A Night In The Life

Officer Jacob Gabbard holds up a vial of crack cocaine he found on the street. (Photos  David Stuck)

Officer Jacob Gabbard holds up a vial of crack cocaine he found on the street. (Photos David Stuck)

In a city where the murder rate, which just hit a four-year high with 234 homicides recorded in 2013, gains national attention year after year, it’s just business as usual for officers in Baltimore’s busy Northwestern District.

“You’re never more than a block away from sheer, unadulterated violence,” says police officer Jacob Gabbard.

Gabbard, 38, and John Sheehan, 31, patrol the area that stretches from Pikesville to Mondawmin. Unlike the Eastern or Western districts, where crime is almost exclusively drug-related, the Northwestern District — one of five that make up the city of Baltimore — experiences just about every kind of crime. From larceny to homicide, Northwestern officers see the entire spectrum on a daily basis.

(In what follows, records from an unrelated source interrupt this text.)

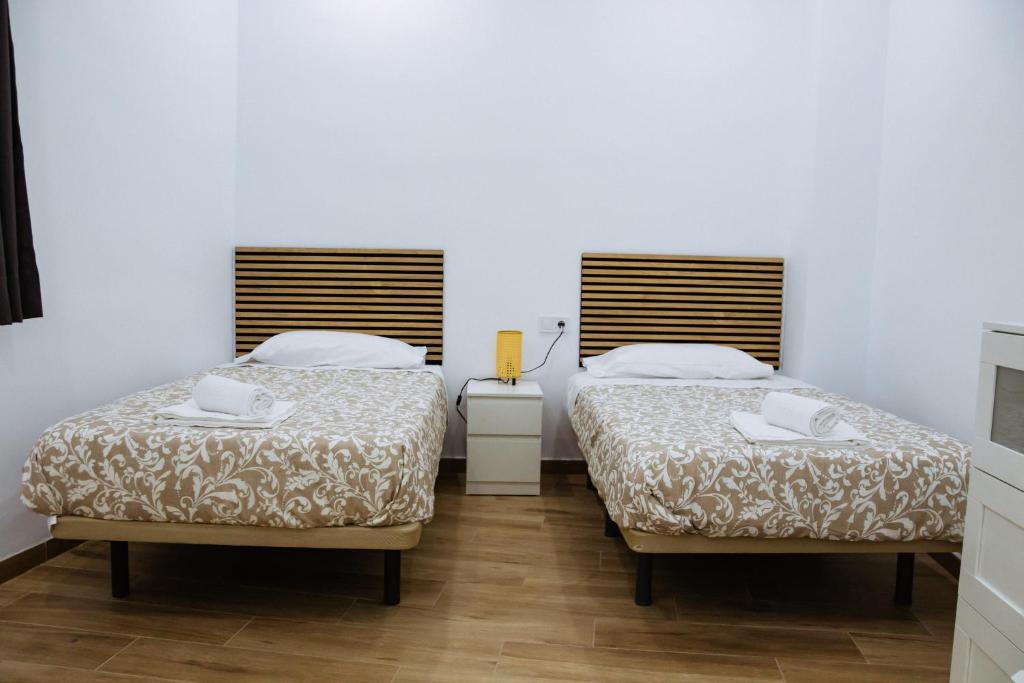 Triana Riverside - Standard Twin Room With Shared Bathroom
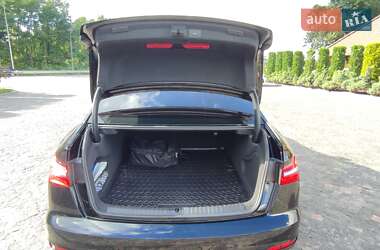Седан Audi A6 2020 в 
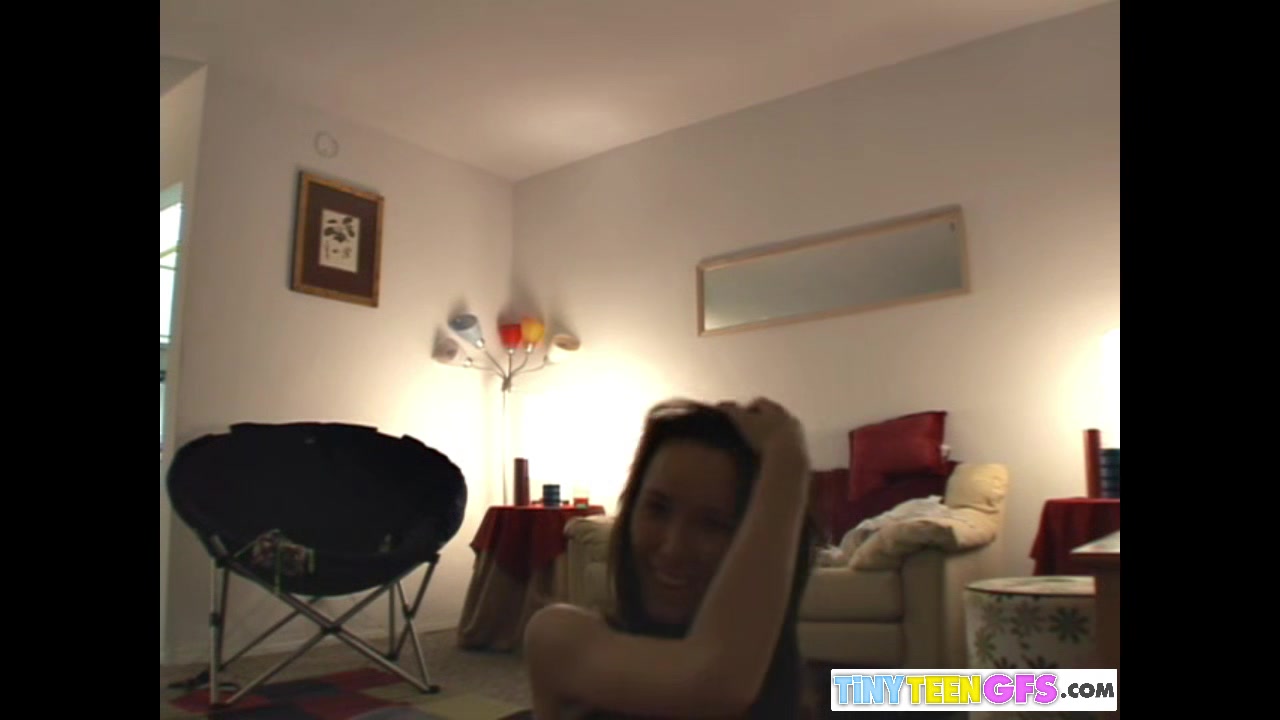 BrookeSkye petite fingering pussy closeup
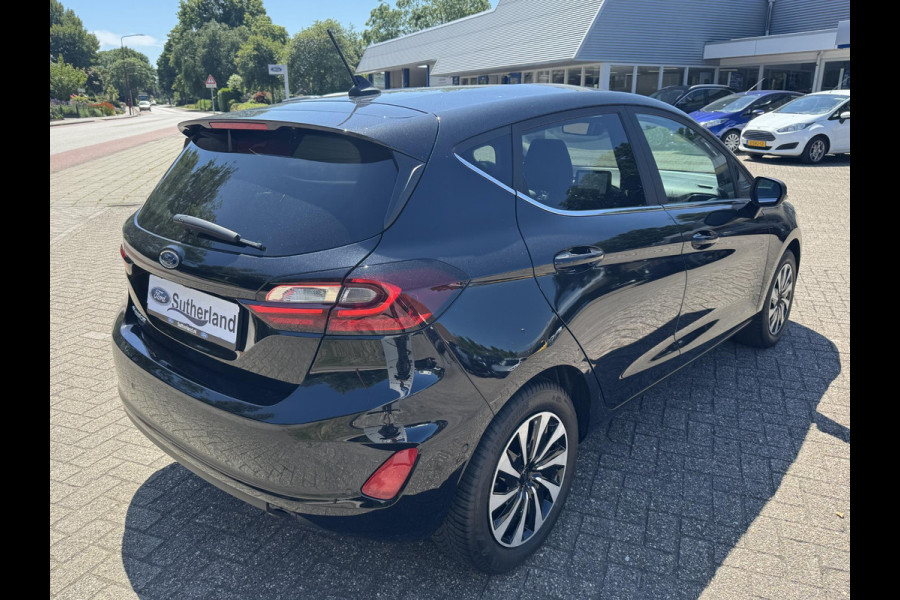 Ford Fiesta 1.0 EcoBoost Hybrid Titanium 125pk | Winter Pack | Navigatie | Camera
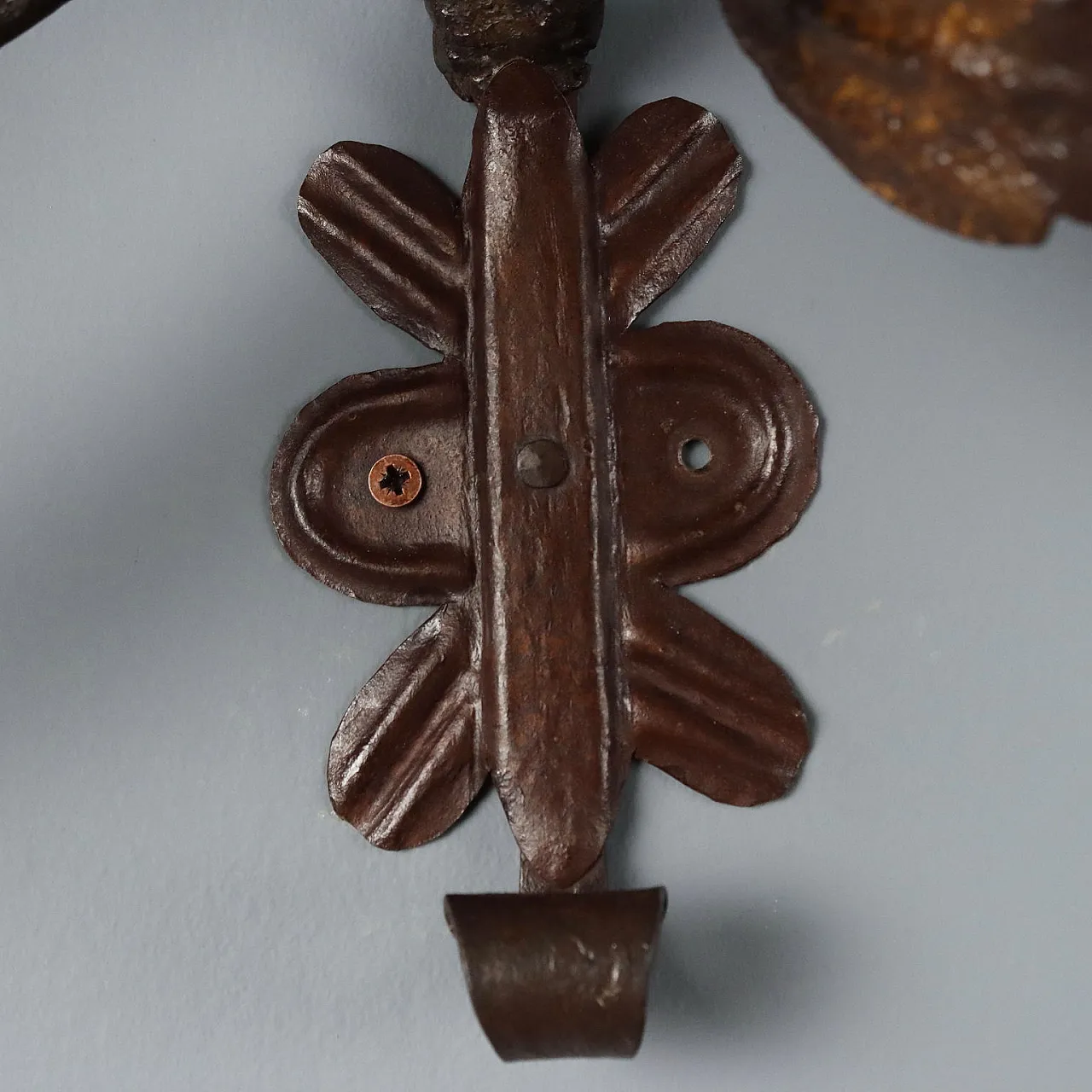 4 Appliques in iron and sheet metal, 19th century 6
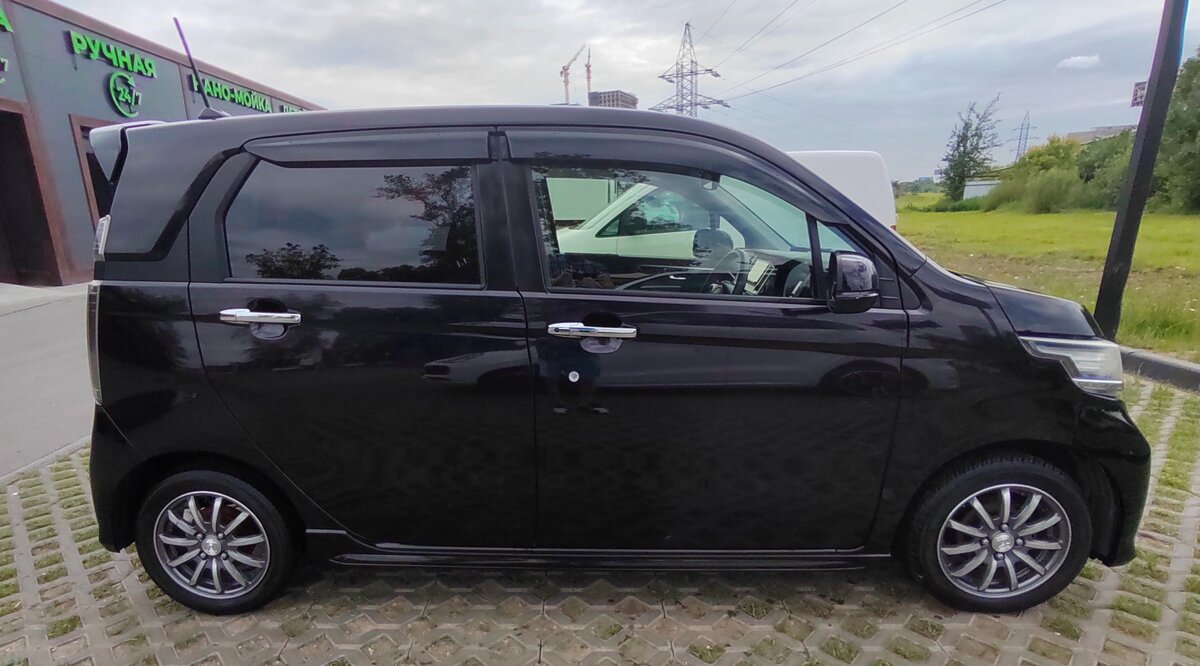Honda n WGN 2014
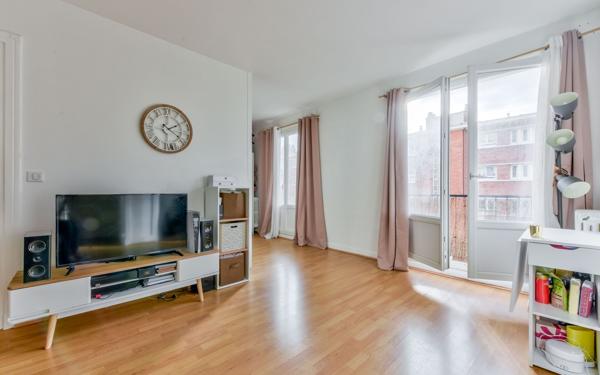 Appartement à vendre    2 pièces • 38,09 m2 Paris 17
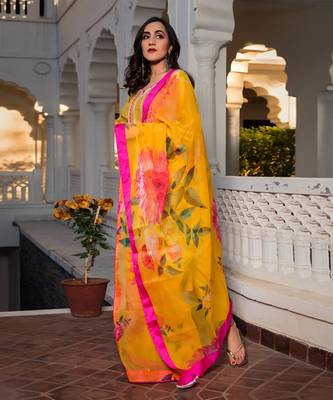 Yellow Cotton Silk Gotti Patta Kurta Set with Floral Dupatta 2
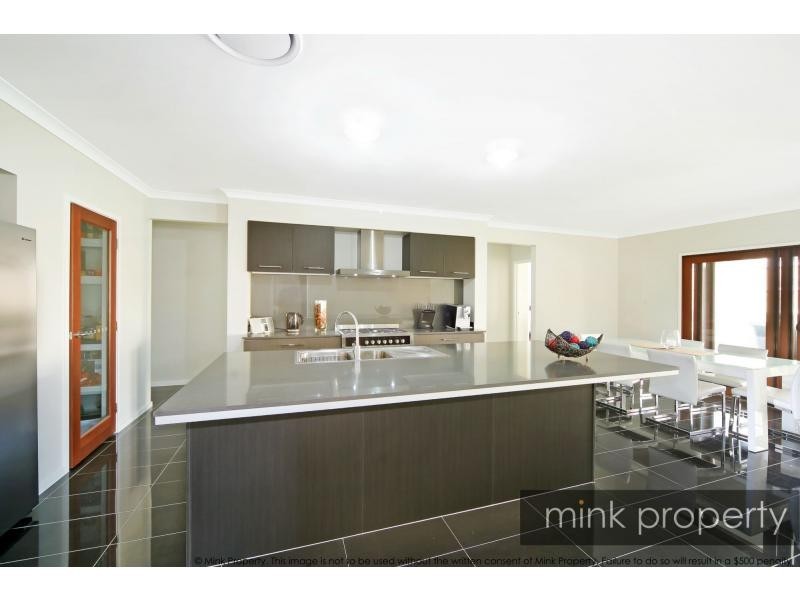 25 Amberjack Street, BRIGHTWATER, Mountain Creek QLD 4557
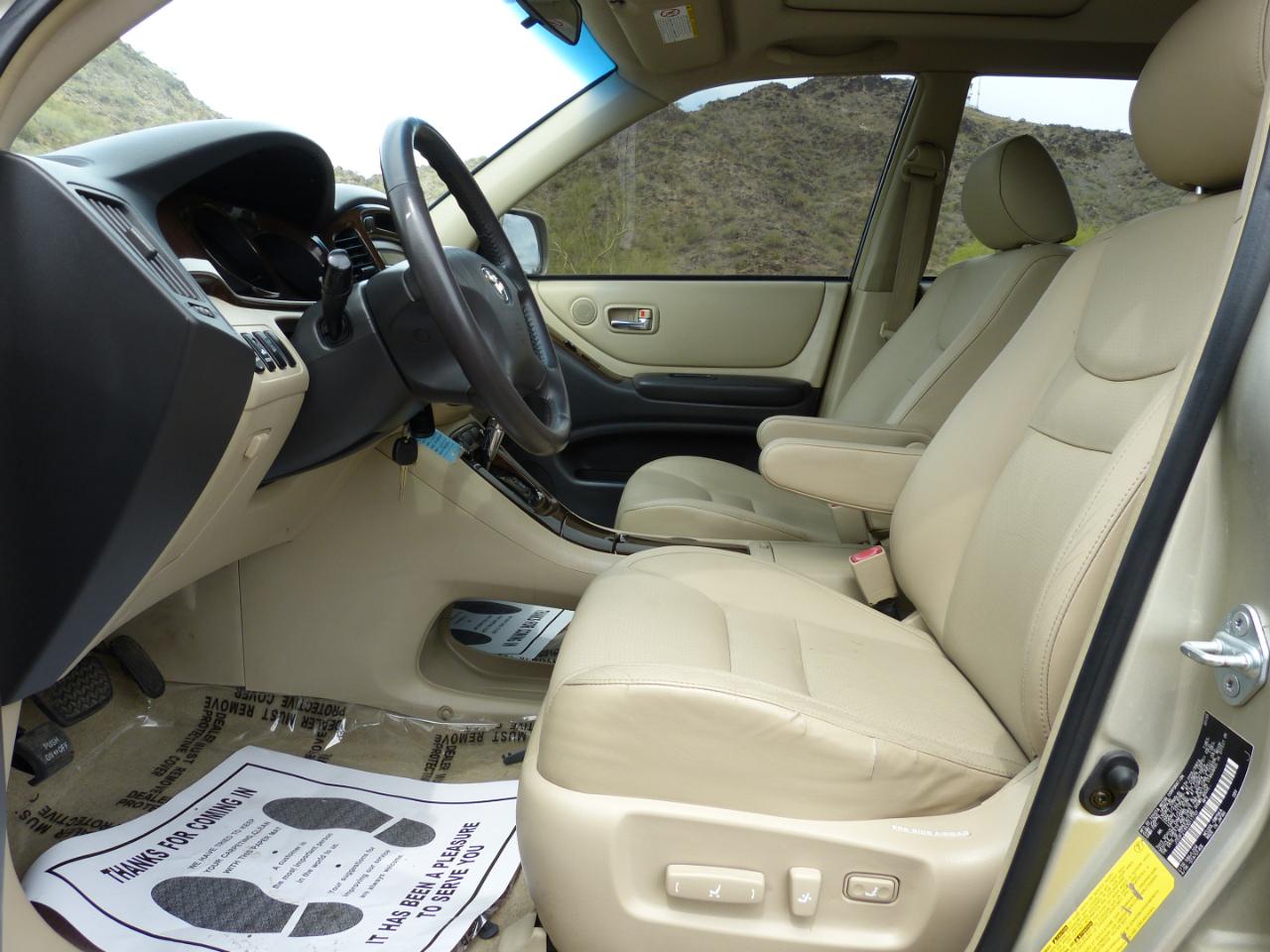 Toyota Highlander V6 2WD 2003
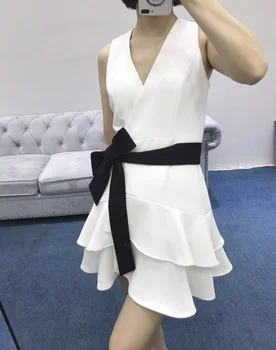 

Women Dress Elegant Dress V-neck Belt Mini Dress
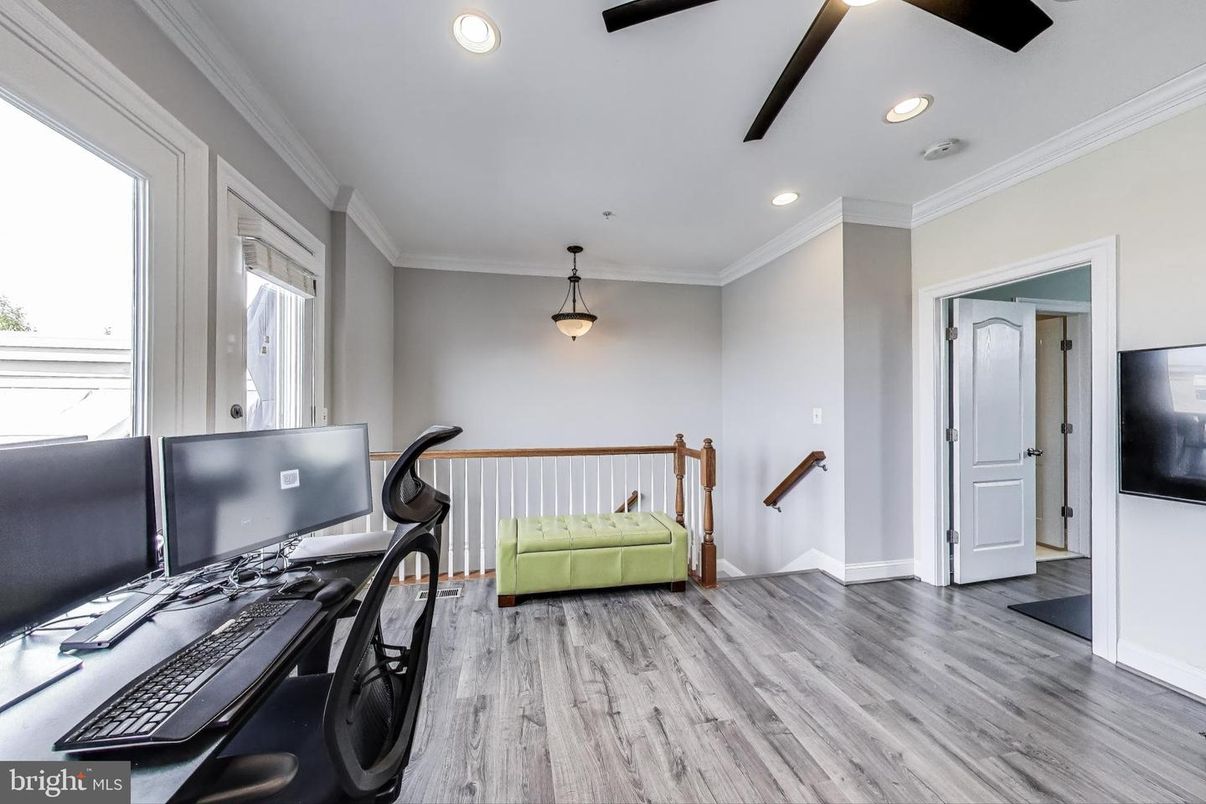 Home Office, Interior, Pendant Lights, Recessed Lighting, Wood Texture Flooring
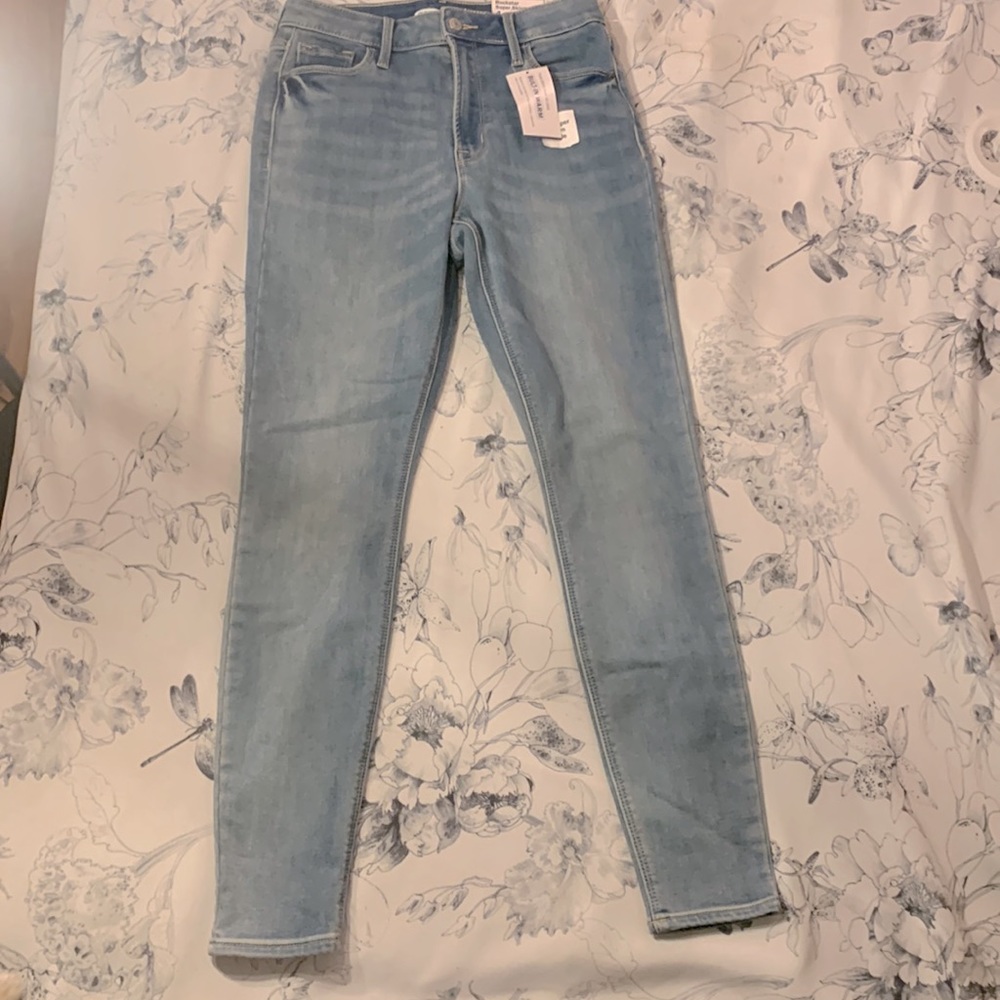 Brand new Old Navy skinny jeans built in warm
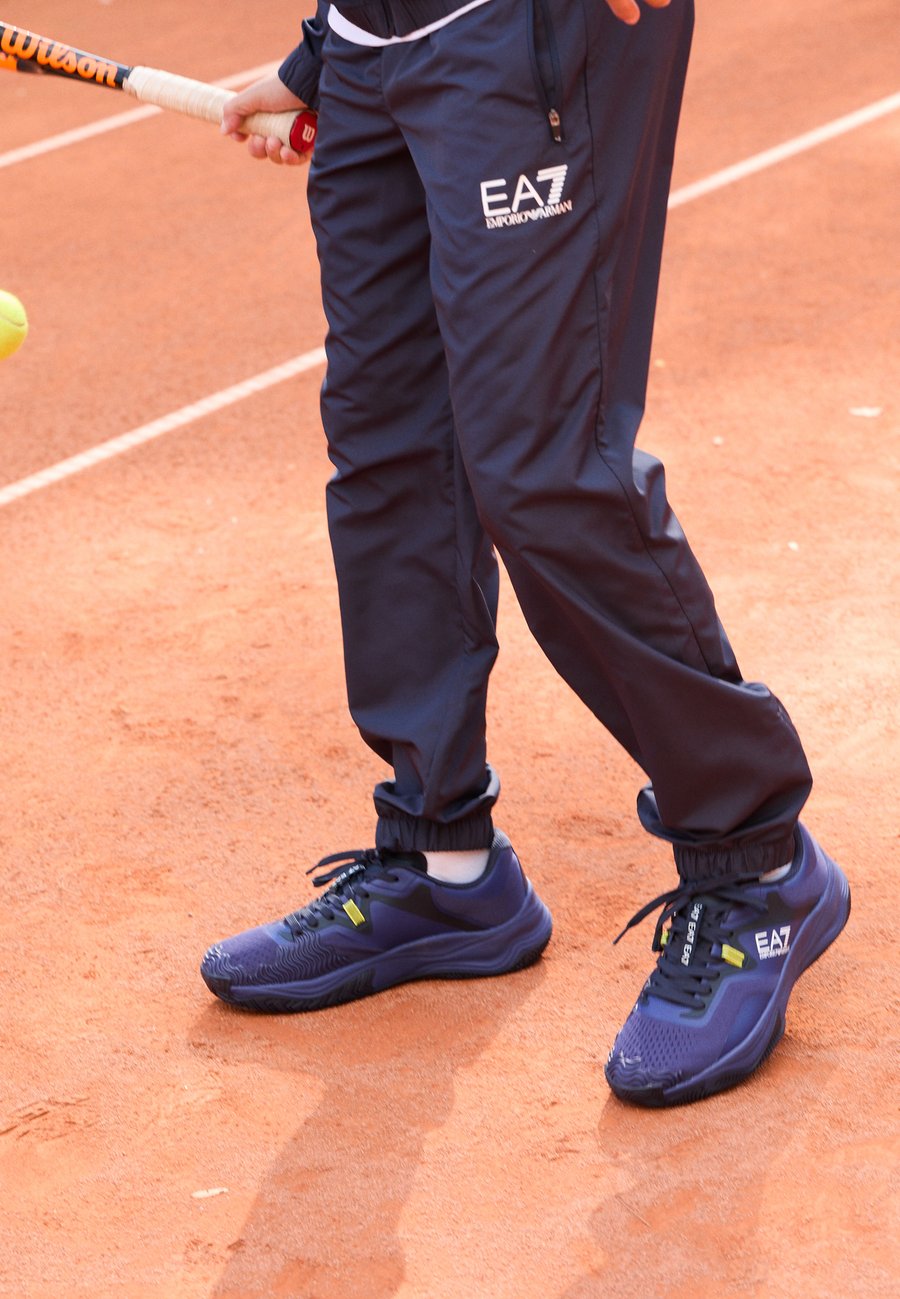 

Кроссовки EA7 Emporio Armani Multicourt tennis shoes, Deep Cobalt/Sky Captain/Yellow Fluo/Dark Blue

A recent ride-along with the pair for a “Charlie” shift — the busiest of the three Baltimore police shifts — earlier this month, offered the chance to see just what those responsible for guarding Baltimore’s streets experience every day between 3 p.m. and 11 p.m.

Evening-shift officers begin their workday at 2:39 p.m. when they report for roll call, a briefing of any new developments or policies before they hit their beats.

Three areas split the Northwestern District, with Sector I spanning from Belvedere Avenue south to Liberty Square and from Pimlico Road to the Metro subway tracks. Sector II covers the area to the west of the Metro to the city line; Sector III spreads north from Belvedere Avenue and Northern Parkway. Sheehan and Gabbard call Sector II, the largest in the Northwest, their professional home.

Generally, about six officers cover each area, each patrolling in his or her own cruiser. But on this particular night, Sheehan and Gabbard ride together.

Officer Jacob Gabbard gathers information from the family of a missing woman.

Officer Jacob Gabbard gathers information from the family of a missing woman.

For Gabbard, the Baltimore Police Department is the latest stop in a string of departments. As he pulls out of the district headquarters’ lot and heads south on Reisterstown Road, he provides a look into the life history of a career law enforcement officer: He grew up wanting to be a policeman and graduated from a police academy when he was only 18. After bouncing around from town to town in his native Ohio — he had a stint as an undercover narcotics officer — and in search of steady police work, he decided to move to Baltimore, which offered better job security.

“I don’t regret it, not for one second,” he says of making the switch in 2006 from small-town policing to patrolling a major metropolitan area. In just a couple of months in Baltimore City, he was able to do everything he had done in all of his years in Ohio and then some. Coming to Baltimore, he says, was “the best decision I ever made.”

For Sheehan, a native of northern New Jersey, the decision to become a police officer in Baltimore came a little later in life. Attending Iona College in New York, he wanted to get into forensics. But “after taking science and math classes, I was like, ‘Nah,’ ” he says with with a smile. He joined the Baltimore Police Department in 2004.